My name is Vern Greunke.

I'm a veteran of the Army Security Agency. The ASA was a separate unit of the Army specializing in many covert operations, including radio signal intelligence gathering, analysis, codebreaking and other missions.

I served a year in Vietnam, doing short-range radio direction finding, locating enemy units' radio transmitters. Later I was assigned to a mountaintop Air Force Station in Taiwan, where the services worked at electronic snooping more distant targets. In late February 1968, days after the Naval spy ship, the Pueblo, was captured, volunteers were sought to go to Korea on temporary duty. I went that March.

Years ago, I created a website and database for former ASA members, now at more than 40,000 records, with members posting their name/numbers and then contacting each other for personal and unit reunions.

At one point I learned that one survivor, Charles "Joe" Sterling, had Nebraska roots. He invited me to stop by his house when I was in Lincoln, so I did. Joe took me to a spare bedroom of his mobile home and motioned for me to sit.

Exchanging stories of our intelligence jobs, he talked about his experience as a prisoner of war. I asked him about the torture he was subjected to, wondering how I would have sustained it. He said the physical punishment wasn't that bad and he blocked out the pain. Mentally they tried to hurt them also. He was in a prison room with two other men. In the room was a fearful youngster, barely out of high school. Joe had to do a lot of talking to keep him calm. Once, returning from a beating and interrogation, the young man said they told him if he didn't talk or sign a confession, they would "hang him from the highest hill at sunrise." Joe laughed, saying it sounded like a script from a grade B movie. They didn't even know if they had hills in the area. He made assurances that "we will go home someday," but with a smile said, "I never told him, it might be in a box!"

We continued to talk, in this dark room, the afternoon sun starting to wane. I wondered if these were the conditions he lived in.

Joe and I talked for two hours. I mentioned books I'd read on the capture, written by Capt. Lloyd Bucher (a Boys Town alumni) and officers on the ship. Joe said, "I don't know what ship they were on" or how they remembered all that, as they tried desperately to destroy, burn or throw overboard the classified materials.

He said the crew had been having reunions on cruise ships - not his type of entertainment. His idea of a reunion would be "two kegs, under trees, in a field, by ourselves - and we could talk." There were many issues to hash out yet.

As I was about to leave, he grabbed a small plaque. He had received it from the president honoring the crew during the capture and imprisonment.

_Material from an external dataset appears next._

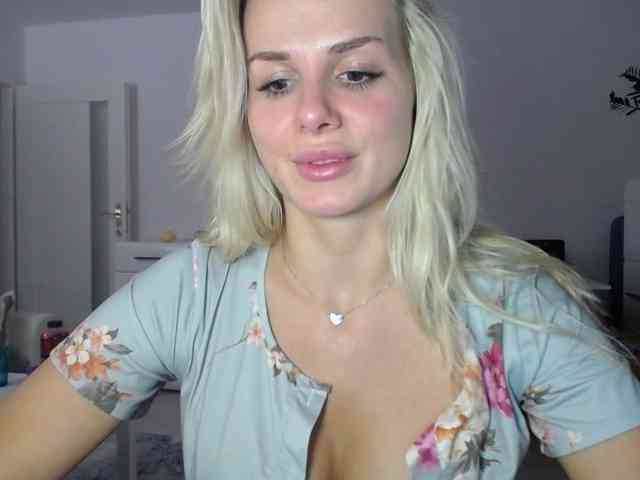Cornelia22hot webcam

He said it was OK, but added: "This is what I'm most proud of" and gleefully turned the plaque over. In black marker were the words, "from John Wayne."

We exchanged handshakes. I received another invite: "Come back again, we could ‘do ribs.'" A few years later, as I was reading the Omaha paper over breakfast, I saw his obituary. His funeral was that day, with burial too far to make it easily, and too late to ask the boss for the day off.

We hear a lot today about this or that person being a hero. In my book, Joe was a hero, suffering unjust punishment at the hands of our enemy. The ship still sits in the harbor in North Korea as a museum. For the U.S. Navy, it's still considered on duty, though anchored far away.

So long, Joe! I wished I'd taken the time to look you up again. That was not to be, but someday in the future .... "we'll do ribs" together.

Vern Greunke retired from the Fremont Tribune where he worked full time for 44 years. He is still a part-time employee.